CODEWITHSUNDEEP
c++qtvariablesdestructorlifetime
Yippie-Ki-Yay
Yippie-Ki-Yay

Reputation: 22814

C++ - temporary variables and their lifetime

This question can be considered a follow-up to the following question: C++ temporary variable lifetime.

Qt containers support the stream-like initialization syntax. Now, when I write the following code, my QVector is destructed right after assignment and the reference becomes dangling.

const QVector<QString>& v = QVector<QString>() << "X" << "Y" << "Z";

Corresponding operator<< is implemented the following way:

inline QVector<T> &operator<< (const T &t)
{ append(t); return *this; }

As far as I know, 10.4.10 Temporary Objects states that the lifetime of a temporary object is extended to match the lifetime of the correspnding const reference to it.

However, in this case the temporary object QVector<QString>() is destructed earlier.

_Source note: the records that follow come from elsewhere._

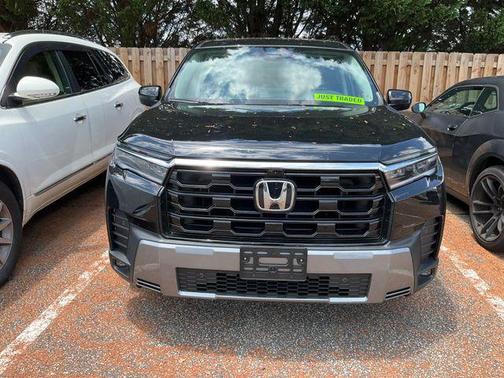 Crystal Black Pearl 2026 Honda Pilot Elite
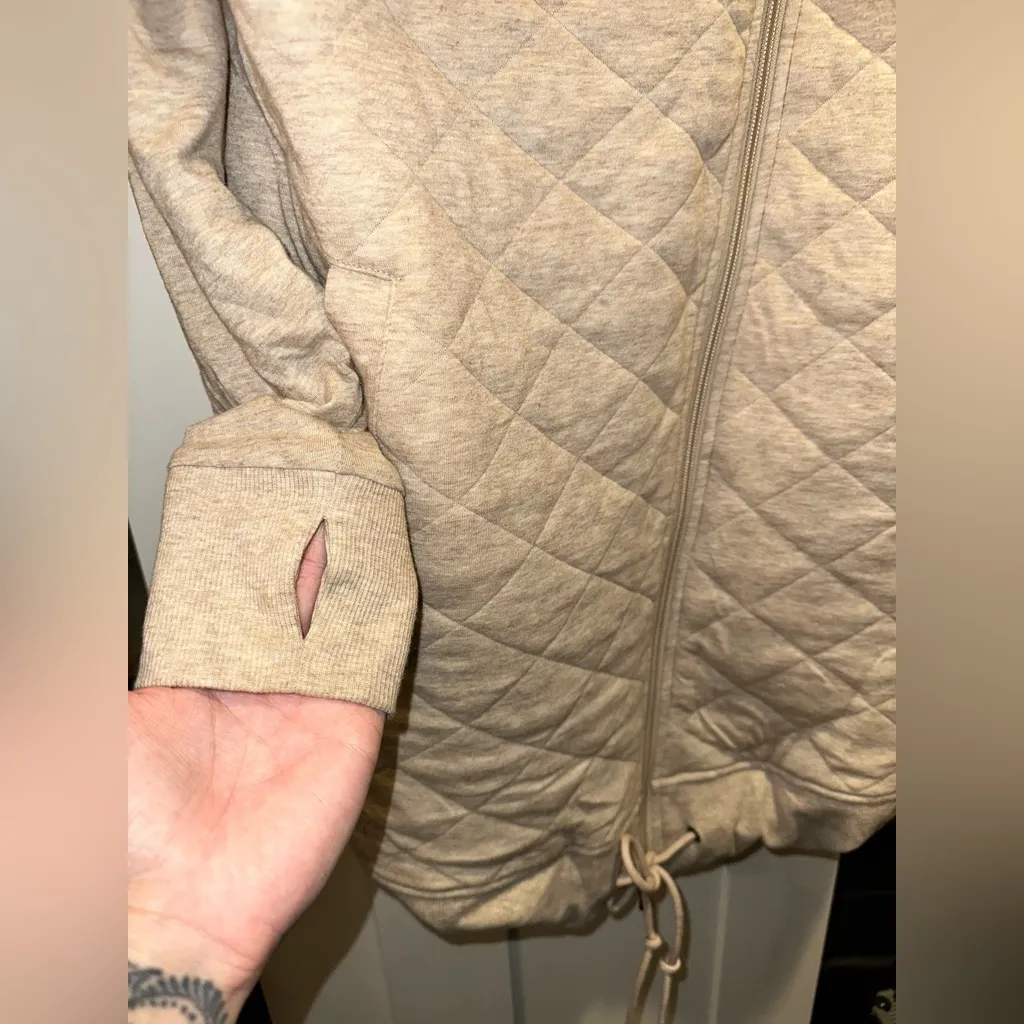 UGG Kayla Quilted Hoodie Oatmeal Heather Color $148 MSRP - Image 8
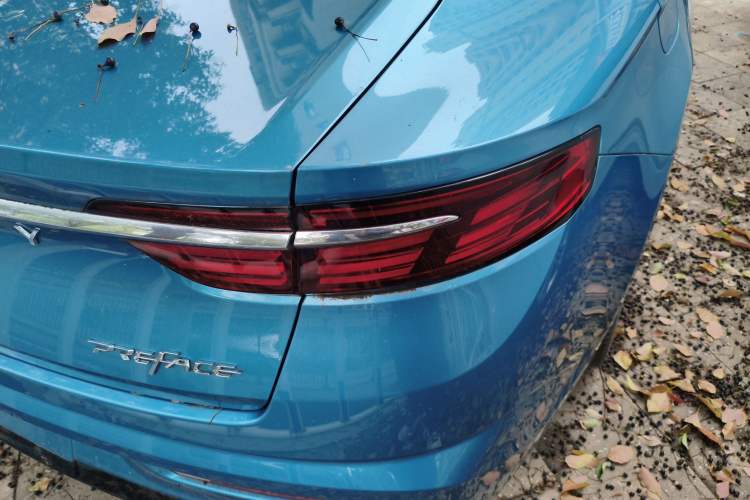 Used Geely Auto Preface 2021 2.0TD Luxury+ Version Right Rear Taillight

I guess that probably this happens due to the fact that the last operation returns a QVector<QString>& and shouldn't know anything about the lifetime of the temporary QVector<QString>, but this explanation isn't strict and might be wrong.

So, why does this happen?

Upvotes: 6

Views: 508

Answers (1)

Kerrek SB
Kerrek SB

Reputation: 477150

The lifetime of a temporary is only extended if it is bound to a const-reference:

const QVector<QString>& v = QVector<QString>();

However, in your code you are not binding the temporary to anything. Rather, you're calling a member function (of the temporary), which returns a reference (to the temporary). The result of this function call is no longer a temporary object, but just a plain reference. The original temporary object expires at the end of the full expression in which it appears, and the reference v becomes dangling.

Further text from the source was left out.